Getzels’s Contention
Getzels argues in his opening brief on appeal, prepared by West Los Angeles attorney Leonard Steiner of Steiner & Libo:
“Indeed, it appears that inactive licensees of the State Bar are the only persons in a world population of more than eight billion (8,000,000,000) persons who are prohibited from acting as arbitrators or mediators in California. Included within the categories of persons who may act as California arbitrators or mediators, i.e., the rest of the world other than inactive licensees, are convicted murderers (including mass murderers), pedophiles, fraudsters, minors, adjudicated mental incompetents, and disbarred and suspended attorneys.”
The brief continues:
“The State Bar does not contend that acting as an arbitrator or mediator constitutes the practice of law….Nevertheless, the State Bar asserts, and the trial court agreed, that there is a rational bases for Rule 2.30(B) and (C) because of the State Bar’s mere unsubstantiated fear that having inactive licensees act as arbitrators or mediators might place burdens on the State Bar’s regulatory jurisdiction because of the supposed possibility, but not the actuality, of complaints being made to the State Bar’s discipline office as a result of inactive licensees acting as arbitrators or mediators….But as the United States Supreme Court has held, mere unsubstantiated fear of something happening in the future does not satisfy the rational basis test.”
For that proposition, he cited the 1985 decision in City of Cleburne v. Cleburne Living Center.
Mori’s Opinion
Agreeing with Feeney, Mori wrote:
“California has a legitimate interest in maintaining a competent bar and assuring the professional conduct of licensees….Rule 2.30’s distinction between licensees who engage in conduct considered closely related to the practice of law and those who distance themselves from such conduct bears a rational relationship to the goal of assuring the professional conduct of licensees.

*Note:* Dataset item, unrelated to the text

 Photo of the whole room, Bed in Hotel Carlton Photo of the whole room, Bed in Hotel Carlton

“The State Bar could rationally conclude that an inactive licensee ‘occupying a position wherein he or she is called upon in any capacity to give legal advice or counsel or examine the law or pass upon the legal effect of any act, document or law’…would burden its regulatory system….The State Bar could receive complaints about attorneys serving as arbitrators or mediators and would need to assess and respond to them. Getzels does not dispute that inactive licensees remain subject to the State Bar’s jurisdiction and to discipline for misconduct. It is rational to conclude that licensees who act as private arbitrators and mediators should be required to continue paying active annual licensee fees, whereas those who have distanced themselves from the practice of law should not.”
1985 Decision Inapposite
Differentiating City of Cleburne, she said the nation’s high court in that case struck down an ordinance that was based on “an irrational prejudice against persons with mental disabilities, not a legitimate state interest.” She remarked:
“In this case, Getzels does not argue that the State Bar was motivated by such a prejudice. The State Bar was motivated by concerns that complaints about licensees might burden its regulatory system, and such concerns need not be empirically substantiated.”

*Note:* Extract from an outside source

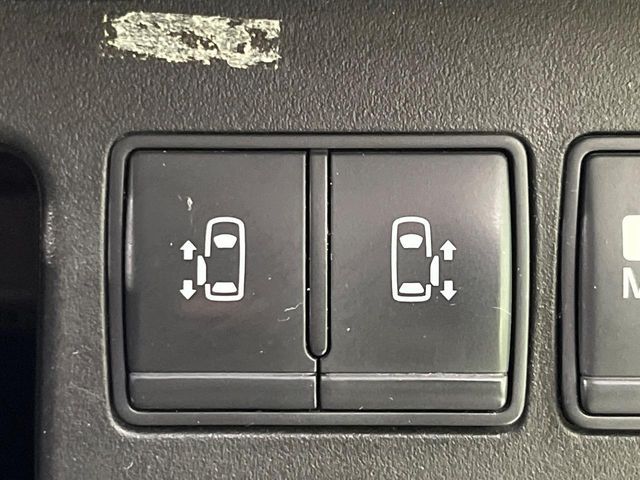 NISSAN SERENA  S-HYBRID 2012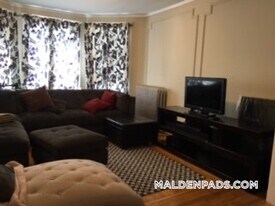 86 Maple St, Unit 5 in Malden, MA - Building Photo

Rejecting Getzels’s insistence that strict scrutiny should be applied, Mori said:
“…Getzels does not show that rule 2.30 involves a suspect class or interferes with a fundamental constitutional right. Thus, the rational basis test governs our consideration of Getzels’s equal protection claim, which concerns the regulation of professional conduct.”
The case is Getzels v. State Bar of California, B338089.